- **Dataset content**:
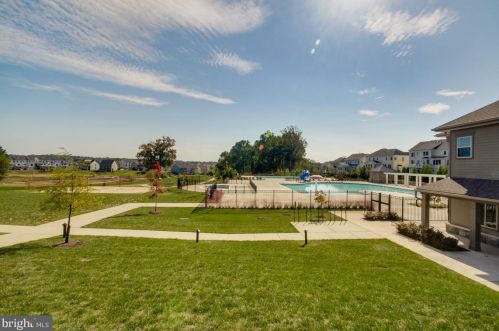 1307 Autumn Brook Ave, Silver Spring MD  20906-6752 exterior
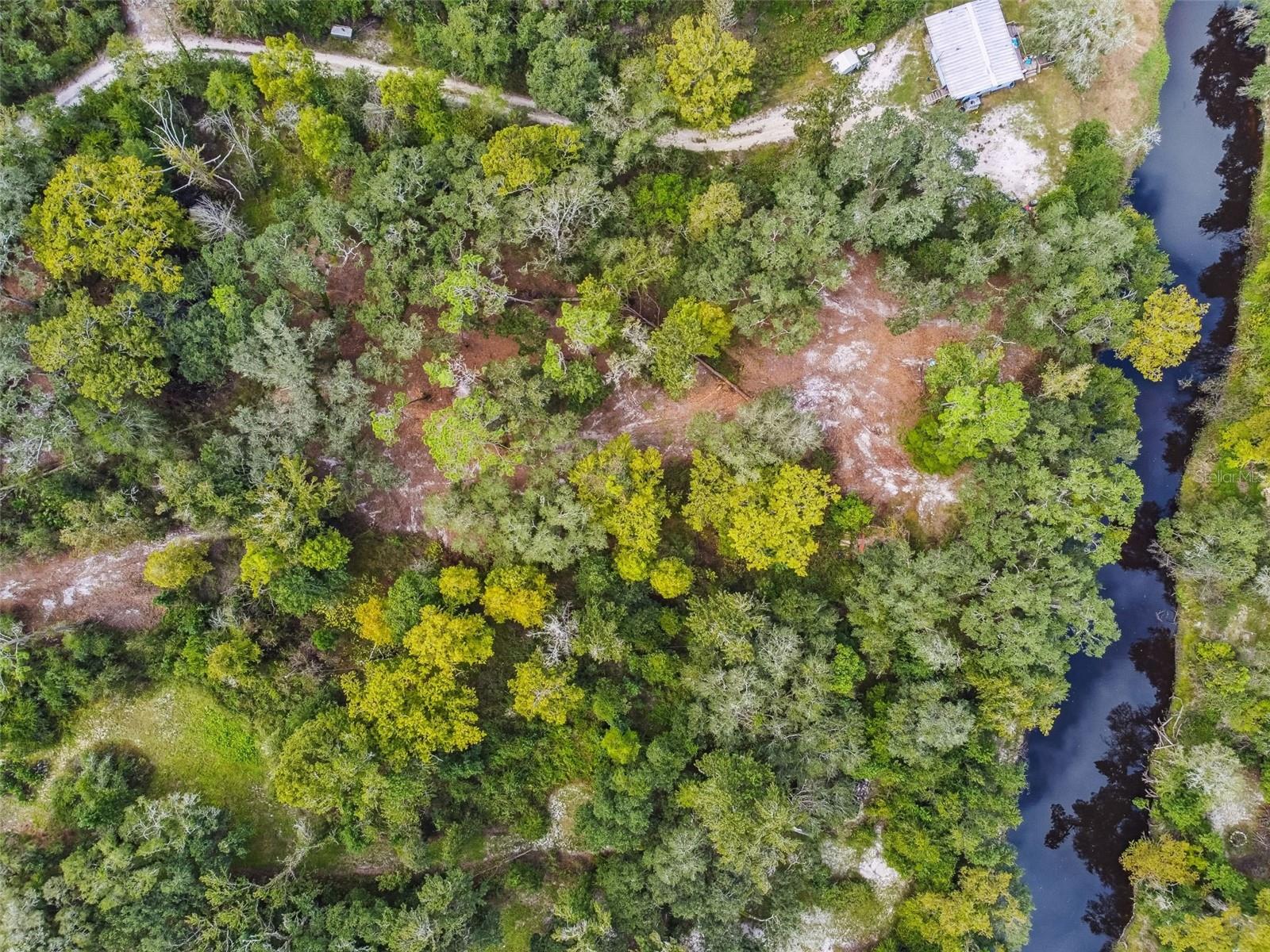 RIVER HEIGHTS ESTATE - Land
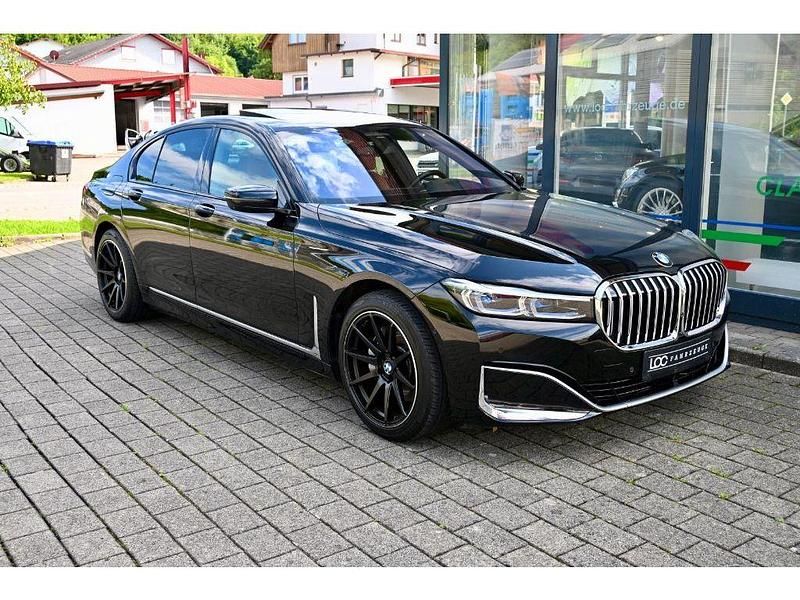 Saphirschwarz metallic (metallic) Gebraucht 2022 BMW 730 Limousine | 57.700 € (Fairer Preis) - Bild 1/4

- **Directions for this task**: Write the data above out again exactly, every line of it, and exclude the pictures.

- **Answer for this exercise**:
 1307 Autumn Brook Ave, Silver Spring MD  20906-6752 exterior
 RIVER HEIGHTS ESTATE - Land
 Saphirschwarz metallic (metallic) Gebraucht 2022 BMW 730 Limousine | 57.700 € (Fairer Preis) - Bild 1/4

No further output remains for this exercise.